Assim, é oportuno reafirmar alguns pontos essenciais da reforma eleitoral que defendo.
Primeiro, o respeito escrupuloso da Constituição e, em especial, do artigo 149.º, tal como resultou da revisão constitucional de 2007. Temos de ter a consciência absolutamente clara de que, se os maiores partidos têm bloqueado a reforma eleitoral conforme à Constituição, em vez de a servirem, mais o fariam se pretendêssemos sair do quadro constitucional. Se sairmos deste quadro, entramos de imediato no vazio absoluto, da conversa inconsequente, das mil e uma ideias para nada. Além disso, a experiência mostra que, se favorecêssemos uma nova revisão constitucional, os maiores partidos iriam provavelmente aproveitá-la para trancarem de novo o quadro constitucional, fechando todas as portas abertas em 1997. A reforma eleitoral necessária não se faz por falta de Constituição, mas por falta de vontade política dos directórios dos maiores partidos que querem manter um sistema que possam manejar à vontade.

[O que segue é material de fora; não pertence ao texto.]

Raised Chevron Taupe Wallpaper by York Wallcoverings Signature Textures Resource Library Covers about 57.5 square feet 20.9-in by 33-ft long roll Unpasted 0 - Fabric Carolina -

Segundo, não nos devemos preocupar tantos com a questão dos chamados “votos desperdiçados”, ultimamente muito abordada. É uma questão que só interessa aos partidos ou coligações, não tanto à relação deputado/eleitor que é a questão-chave da democracia e a fragilidade maior do nosso sistema. Aliás, se não resolvermos este problema, o outro tem pouca ou nenhuma relevância. Façamo-nos a pergunta: para que me interessa que o meu voto dê para eleger mais um deputado, se ele vai valer tão pouco quanto todos os outros? E a questão dos “votos desperdiçados” está a ser muito empolada. Em todas as eleições há votos desperdiçados, no sentido de não elegerem ninguém. A democracia é assim: há uns que ganham e outros que perdem. E é matematicamente impossível que, numa eleição, mesmo proporcional, todos os votos concorram para a eleição de alguém.

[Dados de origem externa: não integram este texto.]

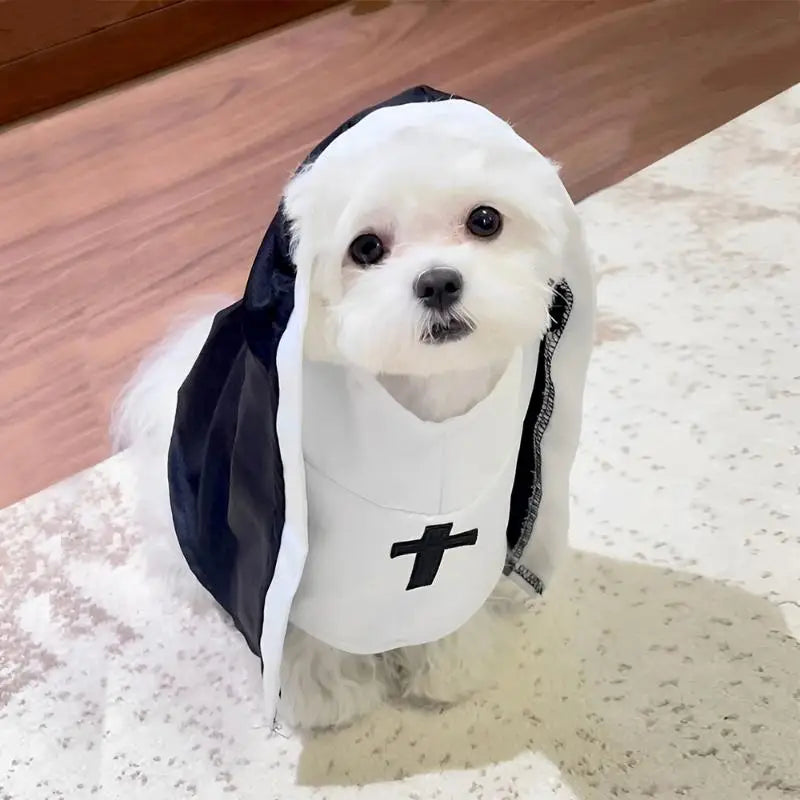 Jesus Nun Cross Christian Pet Costume | Cat & Dog Cosplay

Terceiro, devemos ter medo do círculo nacional único. Os círculos eleitorais distritais ou regionais são essenciais à descentralização das fontes do poder e à representação da cidadania no território em que habita, vive e trabalha. Acabar com estes círculos (sobretudo, se não houver também círculos uninominais) destruiria por completo a proximidade com os eleitores. Seria um tiro de canhão na pouca representatividade democrática que ainda existe.
Quarto, não podemos alimentar o papão da “complexidade”. O sistema de representação proporcional personalizada para que aponta o artigo 149.º da Constituição não tem complexidade nenhuma, como qualquer eleitor alemão ou neozelandês explicará com facilidade. Nós também, assim que o adoptemos. É um sistema em que é a votação plurinominal nos círculos distritais/regionais que dita as cores da composição parlamentar, tal como hoje acontece, mas em que as eleições uninominais dão mais proximidade e legitimidade às bancadas e o círculo nacional ajusta as contas finais. “Complexo” é o sistema actual em que nós votamos, mas não nos sentimos representados quanto à relação com os deputados.
Se queremos a reforma eleitoral, não nos dispersemos para fora do quadro constitucional. Isso será a melhor forma de manter tudo na mesma.